Last week I wrote a post about how banks entice customers with promotions and then fail to keep up their end of the bargain, forcing customers to waste their time just getting the bank to do what it promised to do in the first place. As I wrote, then, the problem is by no means limited to the financial sector.
David Lazarus of the Los Angeles Times has a horror story about Aetna (AET), the large health insurance company. The basic facts are:
- Aetna increased a customer’s monthly premium by $32 as of August.
- On September 30, Aetna sent her a letter saying her premium had gone up. (This is the letter supplied to the Los Angeles Times by Aetna, which I think is pretty clear proof there was no earlier letter.)
- Beginning in October, the customer began paying the higher premium.
- In November, Aetna rejected payment for a doctor’s bill.
- The customer contacted Aetna, who said she had missed payment for October–which wasn’t true (she had paid the higher premium for October).
- When the customer appealed, Aetna wouldn’t let her simply pay the extra $64 (the difference for August and September), and insisted on rescinding her policy.
The customer in question is a cancer survivor who needs regular medication and checkups–hence the kind of customer that health insurance companies want to drop if at all possible.
When the LA Times intervened, Aetna agreed to reinstate her policy.
But what’s the penalty for Aetna? Zilch. What incentive does Aetna have to stop screwing its customers? None.

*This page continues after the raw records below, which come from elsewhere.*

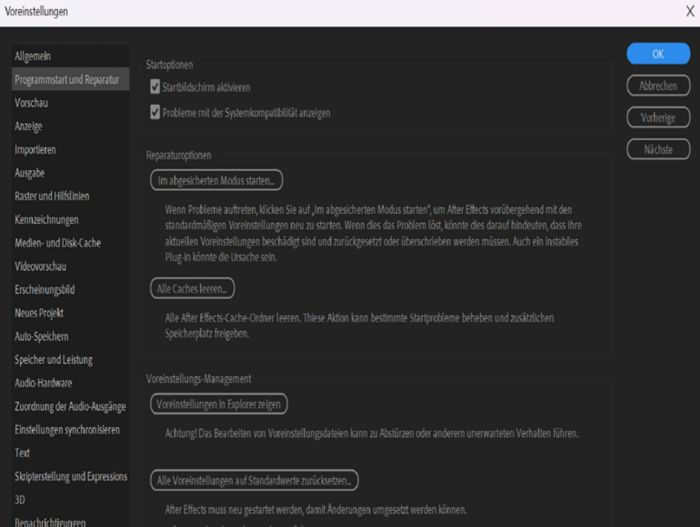 Das Bedienfeld „Systemstart und Reparatur“ in den Voreinstellungen mit ausgewählter Option „Abgesicherter Modus“.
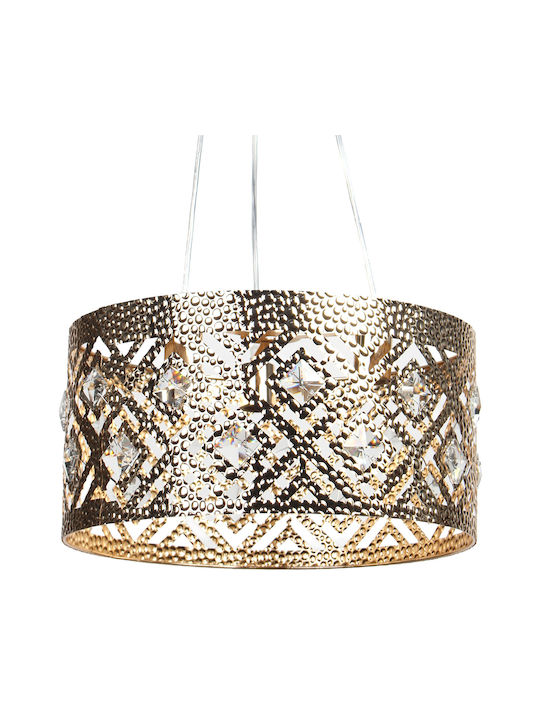 Globobox Pendant Light Gold with Crystals for Socket E27 40x40x20cm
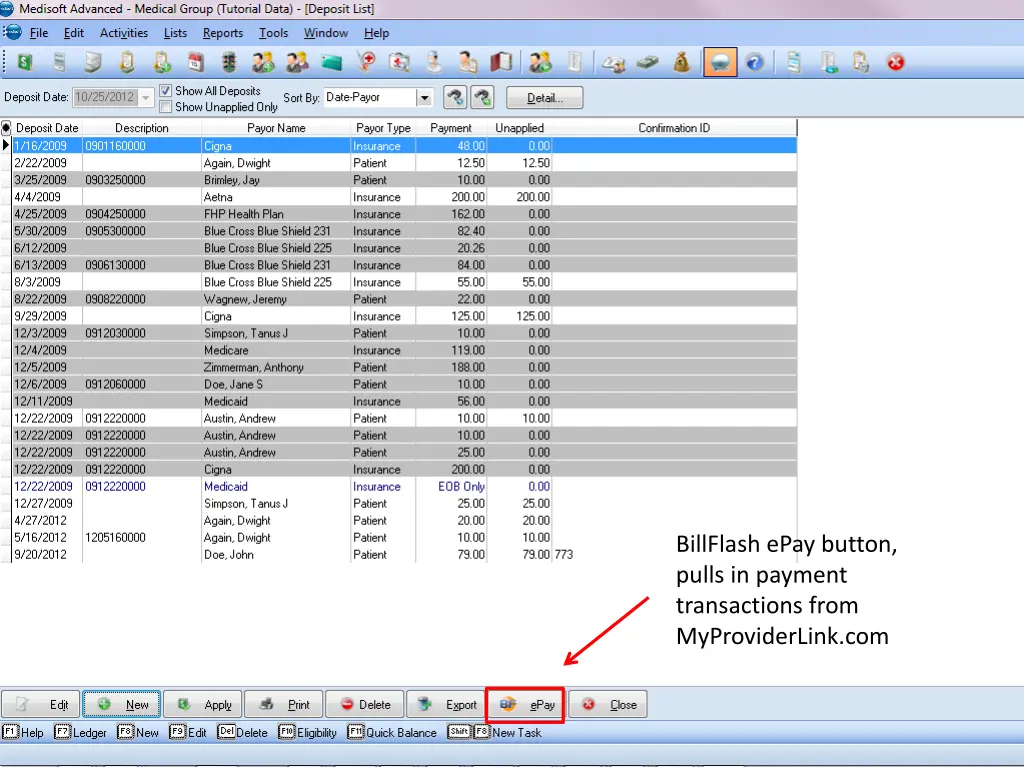 billflash epay button pulls in payment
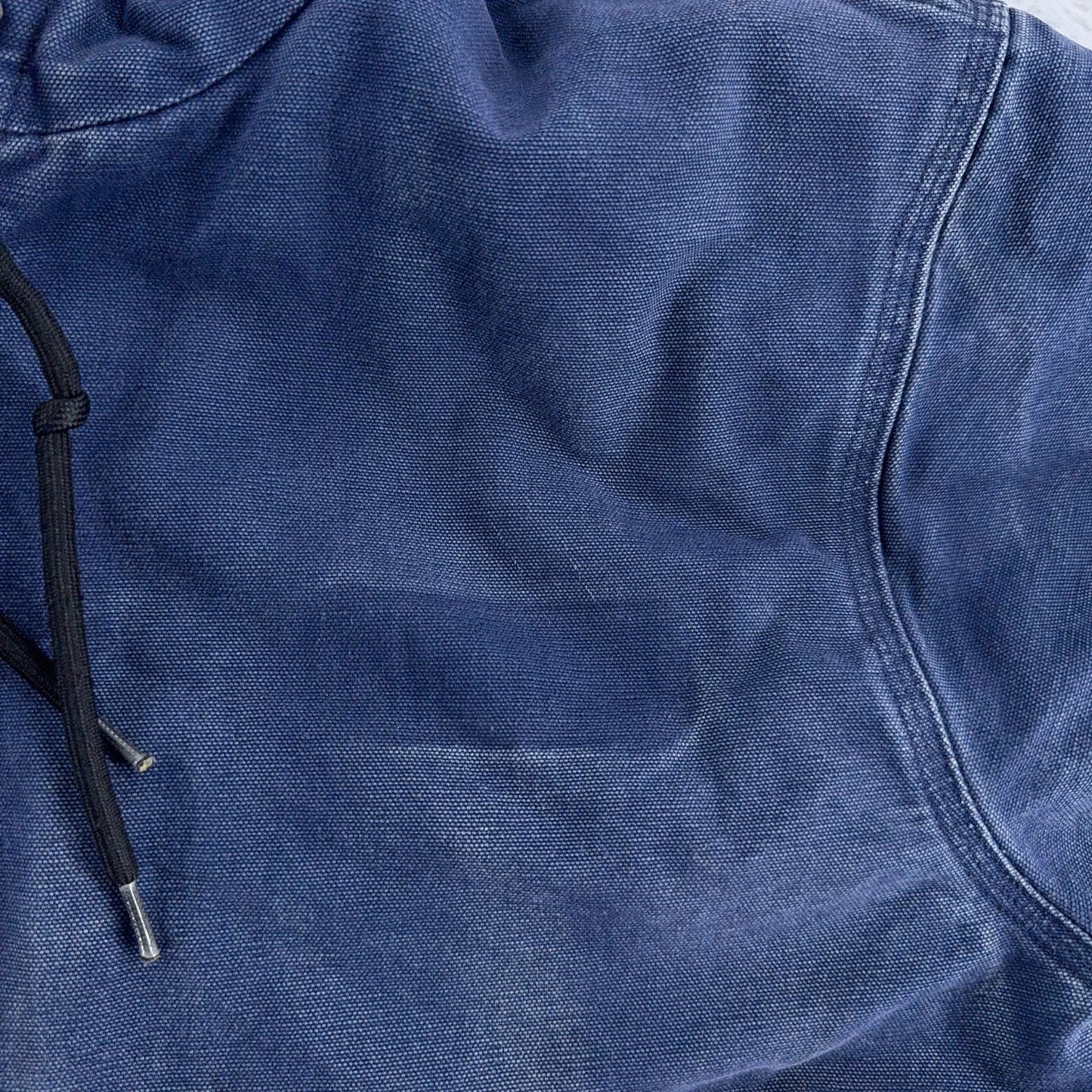 Carhartt Jacket Mens Large Blue Hooded Full Zip Workwear Faded Lined 376-20 duck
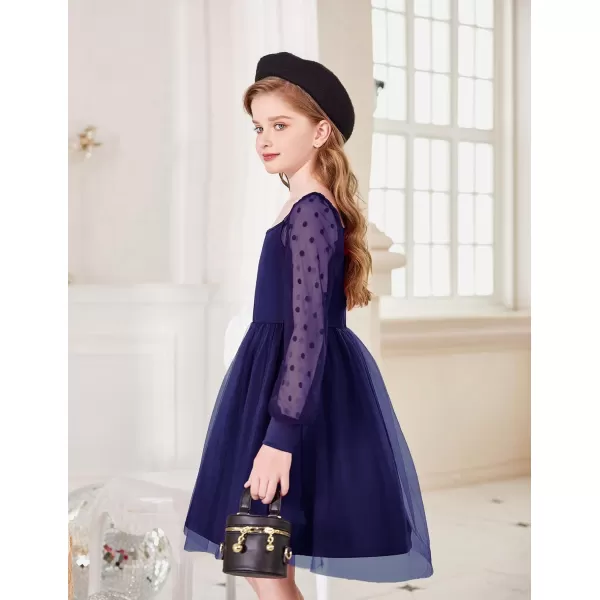 Arshiner Girl Tulle Dress Puff Long Sleeve Teen Girls Party Casual Dresses 5-12Y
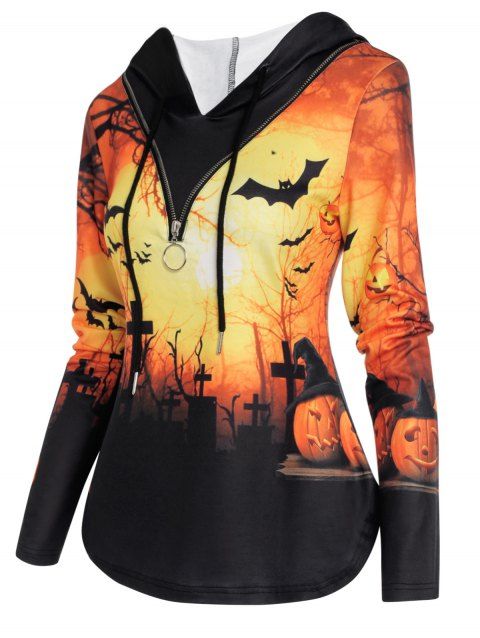 Halloween Faux Twinset Hoodie Pumpkin Printed Half Zipper Casual Sweatshirt With Hood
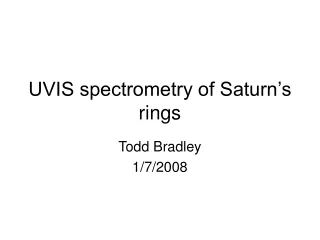 UVIS spectrometry of Saturn’s rings
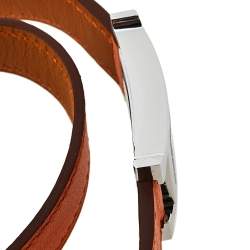 Hermes Silver Stainless Steel Leather Wrap Heure H HH1.210 Women's Wristwatch 21 mm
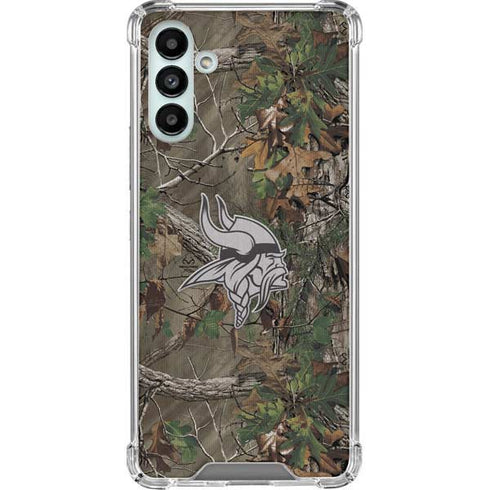 NFL Minnesota Vikings Realtree Xtra Green Camo Galaxy A13 5G Clear Case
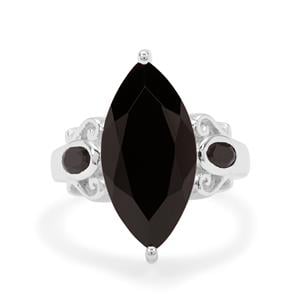 8.70ct Black Spinel Sterling Silver Ring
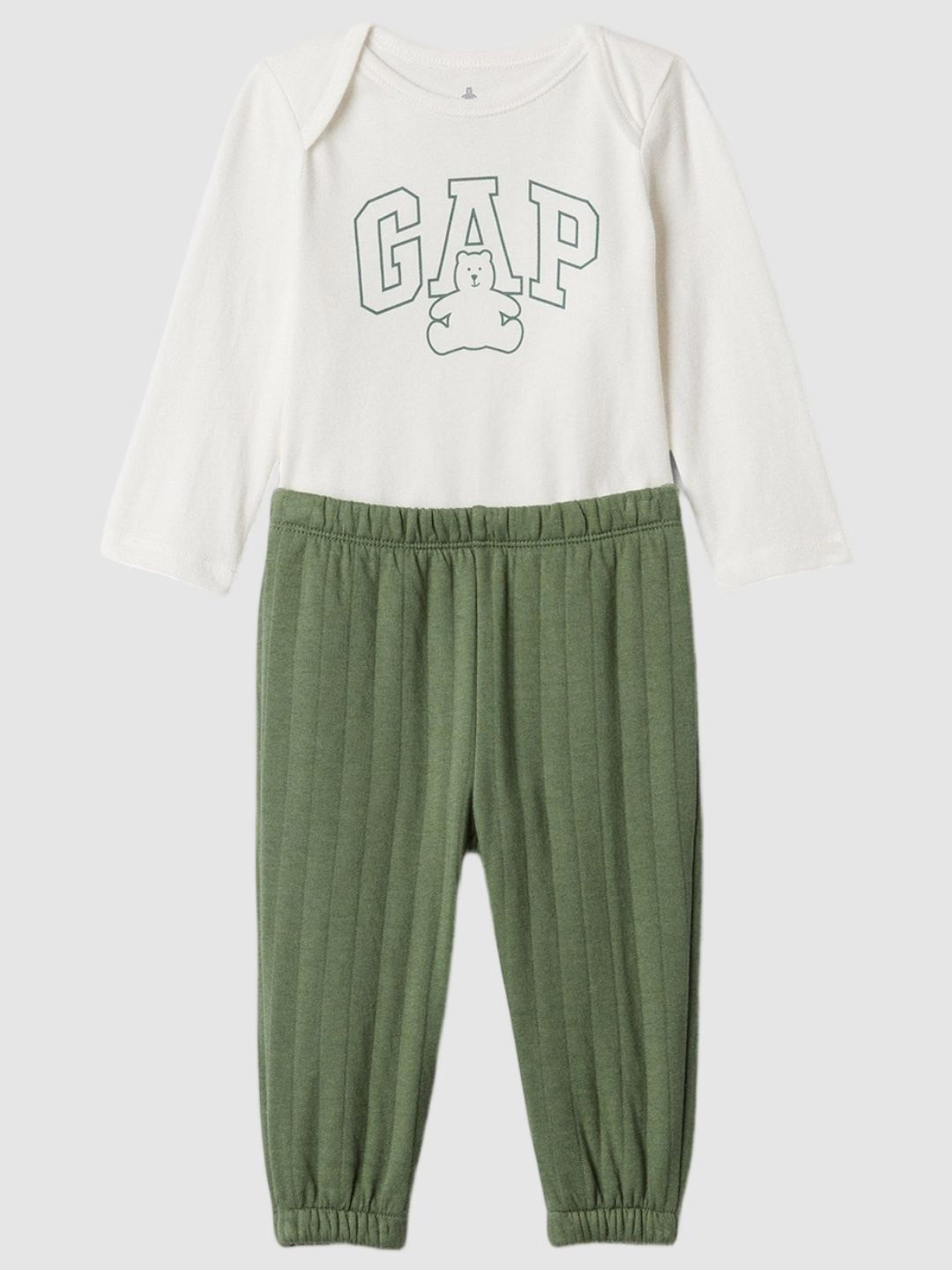 GAP Kids Printed Short Sleeves Crew Neck Pure Cotton Top With Joggers Clothing Set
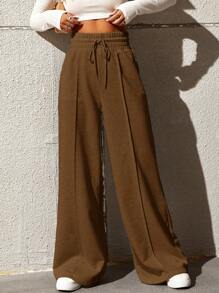 SHEIN Tall CURVE Plus Size Women Casual Drawstring Waist Loose Fit Straight Leg Pants - Brown - View 6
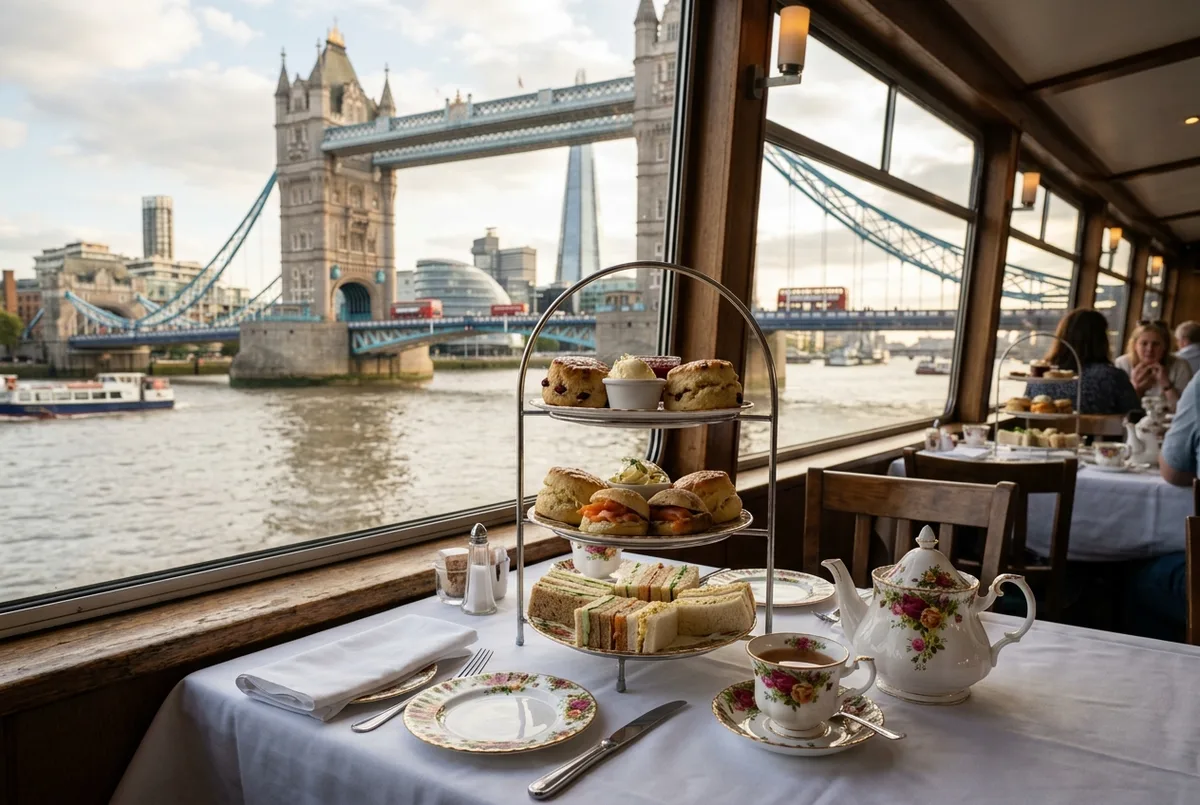 Tiered cake stand with sandwiches and scones set on a table aboard a thames afternoon tea cruise boat with Tower Bridge visible through the window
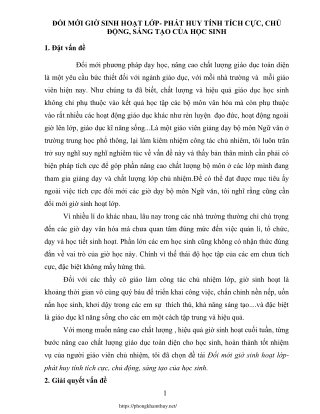 Đổi mới giờ sinh hoạt lớp - phát huy tính tích cực, chủ động, sáng tạo của HS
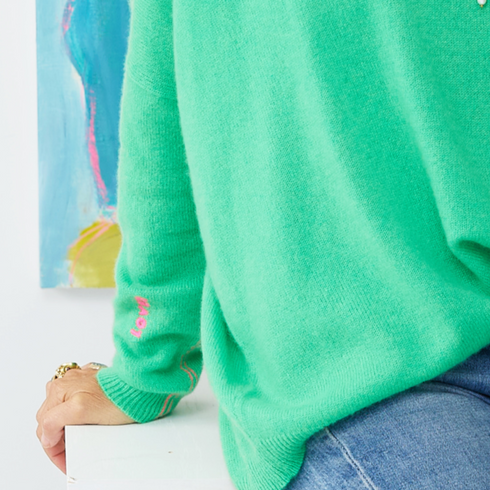 Camille V Neck 100% Cashmere Sweater bright parrot green - designer fashion sweater - Kerri Rosenthal sweaters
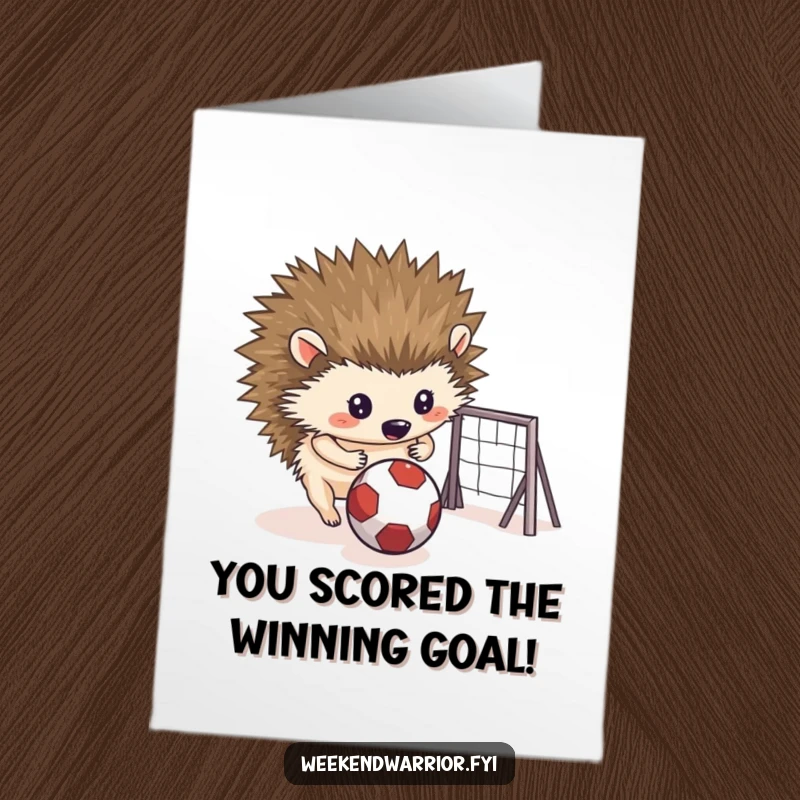 Funny Free Printable Congratulations Card: A determined hedgehog rolls a ball towards a goal, celebrating a hard-earned victory.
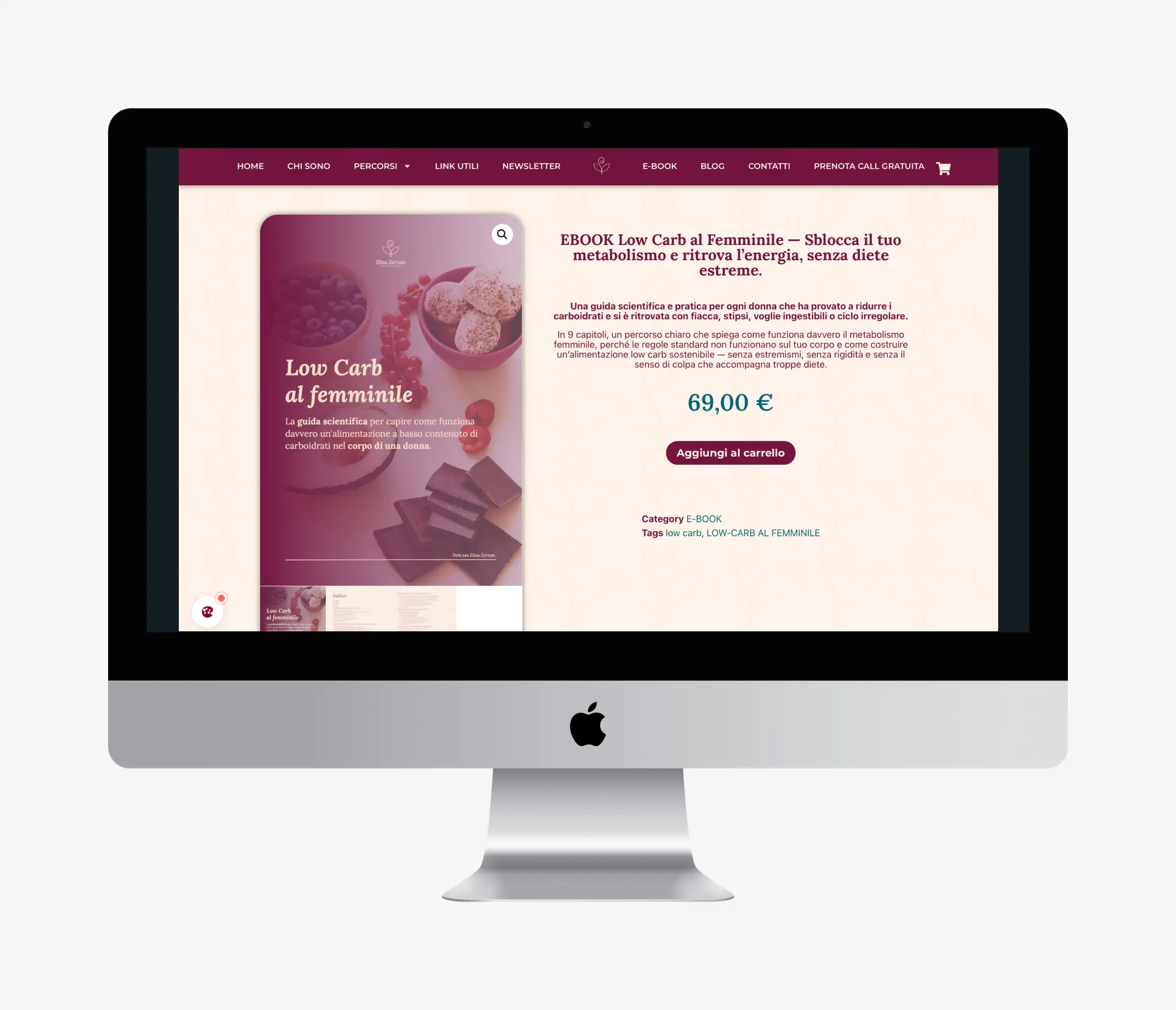 Pagina e-book Low Carb al femminile di Elisa Zorzan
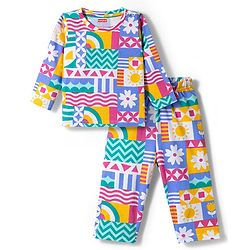 Babyhug Cotton Knit Full Sleeves Printed T-Shirt & Pyjama Co-ord Night Suit - Multicolor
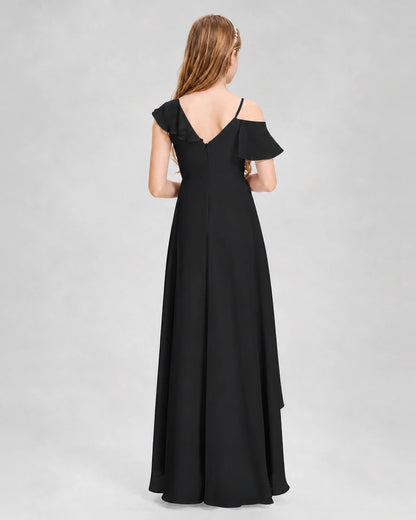Dideyttawl Cold Shoulder Ruffle High-Low Junior Bridesmaid Dress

According to Alan Greenspan, the market can solve this problem: customers would leave Aetna because of its shoddy customer service. But most customers get their insurance through group plans and hence have little or no choice of their insurer, and the corporate HR departments for the most part select those plans based on price, since they are getting completely squeezed by rising health insurance premiums. There simply isn’t very much competition in insurance plans, which are sold on the state level. And the customer in this case was on COBRA, meaning she had absolutely no ability to switch (and would probably have had to pay a huge premium for insurance in the individual market because of her preexisting condition).
As far as I know, the health care reform bill wouldn’t actually solve this specific problem, since the general problem of companies screwing up their billing processes and then blaming their errors on the customer goes far beyond health insurance. (I think the simple solution is that companies should have increased liability for their own errors–some large multiple of the amount in question.) With reform, though, at least the customer could have gotten a new plan at a reasonable price (because of the prohibition on medical underwriting).
Thanks to Ted K. for passing this on (via email, in this case).